But they are consecutive varieties, not constitutive. It's a different story.



Dymn said:


> But there aren't any geographical or human boundaries for most of the Òc-Oïl isogloss. I wonder if it's possible that once a certain number of isoglosses separate two areas, their inhabitants start feeling estranged of their neighbours' speech, so that the innovations don't cross the barrier, thereby strengthening it. How strong was the difference between neighbouring variants of Oïl and Òc?


I think the substrate played an important role at its origin. The case of Gascon with regard to the rest of Occitan varieties is clear. There is no real physical barrier either, other than the fact that Gascon lies on a previous Basco-Aquitanian layer, and that made them become a _lengatge estranh_ within Occitan itself.

Different substrates also had something to do with the differences between Oil varieties. But obviously things can change quickly when the physical boundaries are close to none. A parallel of Navarrese becoming easily Castilianized can be seen in Poitevin, which is classiified nowadays as an Oil language instead of an Occitan one.

Innovations sometimes don't cross the barrier simply because they're not 'on the road'. We tend to forget that people didn't move as much in the old times, and when they did the roads they used were pretty much the same during their lives. Innovations often followed these roads, and sometimes some of these crossed mountain ranges between the passes.


----------



## Sobakus

Dymn said:


> But there aren't any geographical or human boundaries for most of the Òc-Oïl isogloss. I wonder if it's possible that once a certain number of isoglosses separate two areas, their inhabitants start feeling estranged of their neighbours' speech, so that the innovations don't cross the barrier, thereby strengthening it. How strong was the difference between neighbouring variants of Oïl and Òc?

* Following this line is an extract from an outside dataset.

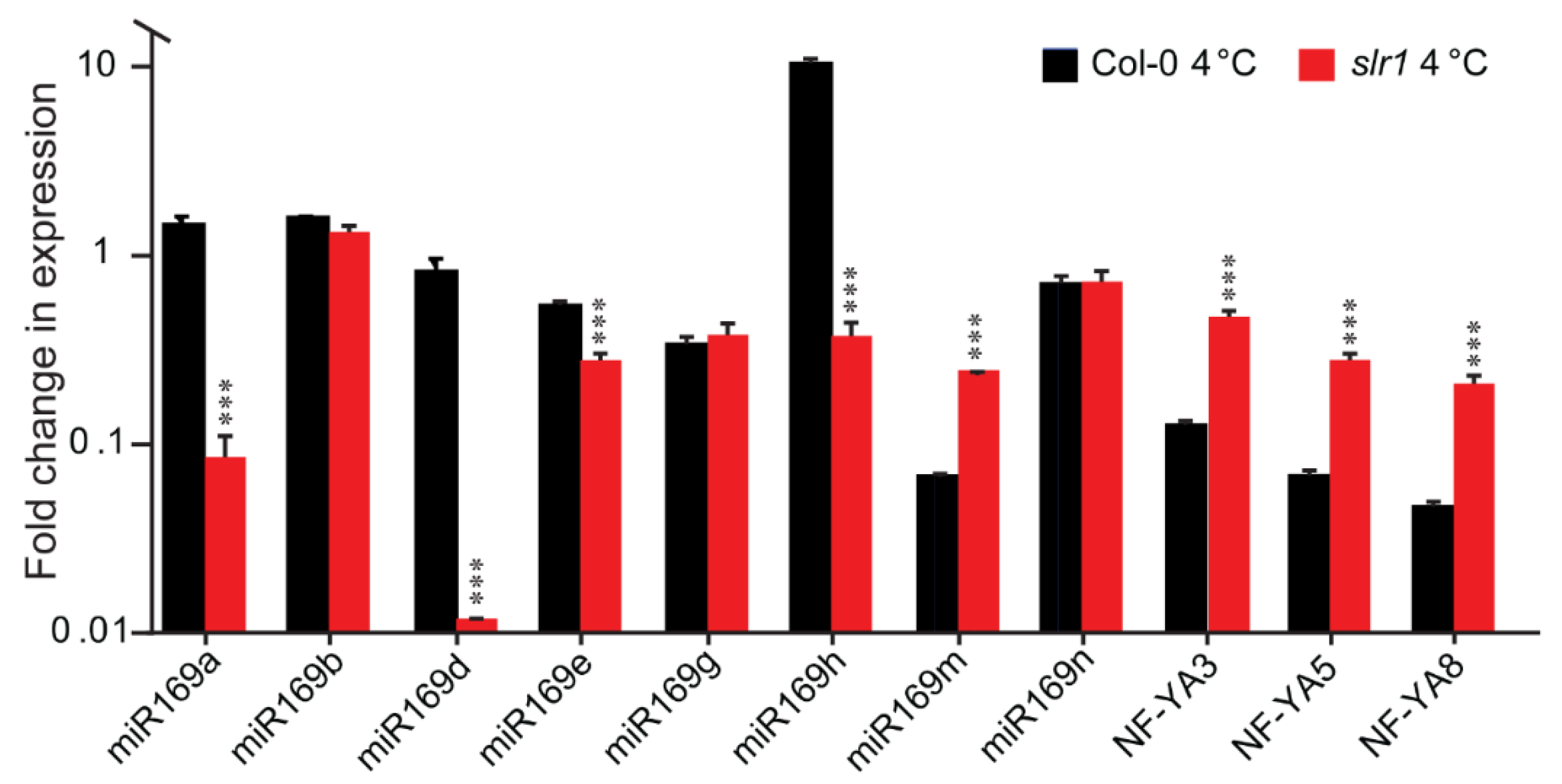 Ijms 21 08441 g008 Ijms 21 08441 g008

In principle this mechanism also exists within any given community, such that there are systematic differences in speech between the sexes, generations, different status groups, even styles and registers. This of course depends on complex social dynamics and is a hot topic of research in modern sociolinguistics, with much still to be discovered.

The same caveat applies to the issue of the origins of isoglosses and dialectal divisions within Romance, including Oïl vs. Òc. It has to have to do with socio-economic factors, that much is clear, but to demonstrate and prove the exact mechanisms and chronologies seems virtually impossible. To me at any rate, the difference between Oïl vs. Òc appears to reflect two different waves and/or modes of Romanisation: southern Gaul _(Gallia Narbōnēnsis)_ fell under Roman influence significantly earlier than northerrn Gaul _(Celtica),_ and was officially integrated into the Republic in 118 BC, so at least half a century earlier than northern Gaul. The socioeconomic modes of their Romanisation were also presumably distinct – much more economically-driven in the South, and much more militarily in the North. The substrate varieties spoken in the two regions were presumably already distinct. And in general, the South of France has always been integrated into the rest of the Mediterranean, which ensured that it readily participated in the linguistic innovations.

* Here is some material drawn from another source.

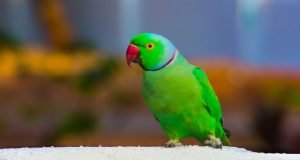 Top 10 Most Talkative Parrots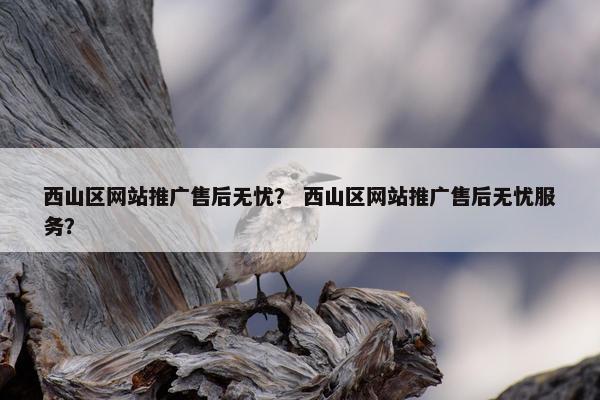 西山区网站推广售后无忧？ 西山区网站推广售后无忧服务？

Northern Gaul on the other hand was a backwater during the same time period, but suddenly found itself as the political and economical center by the end of the early Middle Ages, but not before suffering from the greatest sociopolitical upheavals of perhaps any other European region; it's southern Gaul that became the calm provincial backwater in comparison. So the two regions have always had contrasting sociopolitical histories in addition to being Romanised in at least two distinct waves. It's not therefore suprising that they should have been linguistically distinct throughout, even if the precise details and chronologies are probably lost to us.


----------



## Dymn

Sobakus said:


> In principle this mechanism also exists within any given community, such that there are systematic differences in speech between the sexes, generations, different status groups, even styles and registers. This of course depends on complex social dynamics and is a hot topic of research in modern sociolinguistics.


Indeed but these differences even if very noticeable exist on a continuum. They're never as extreme as in you could have people from Elvas (Portugal) and Badajoz (Spain) talk in their mother tongues and everybody would agree 100% on the classification.


----------



## Sobakus

Dymn said:


> Indeed but these differences even if very noticeable exist on a continuum. They're never as extreme as in you could have people from Elvas (Portugal) and Badajoz (Spain) talk in their mother tongues and everybody would agree 100% on the classification.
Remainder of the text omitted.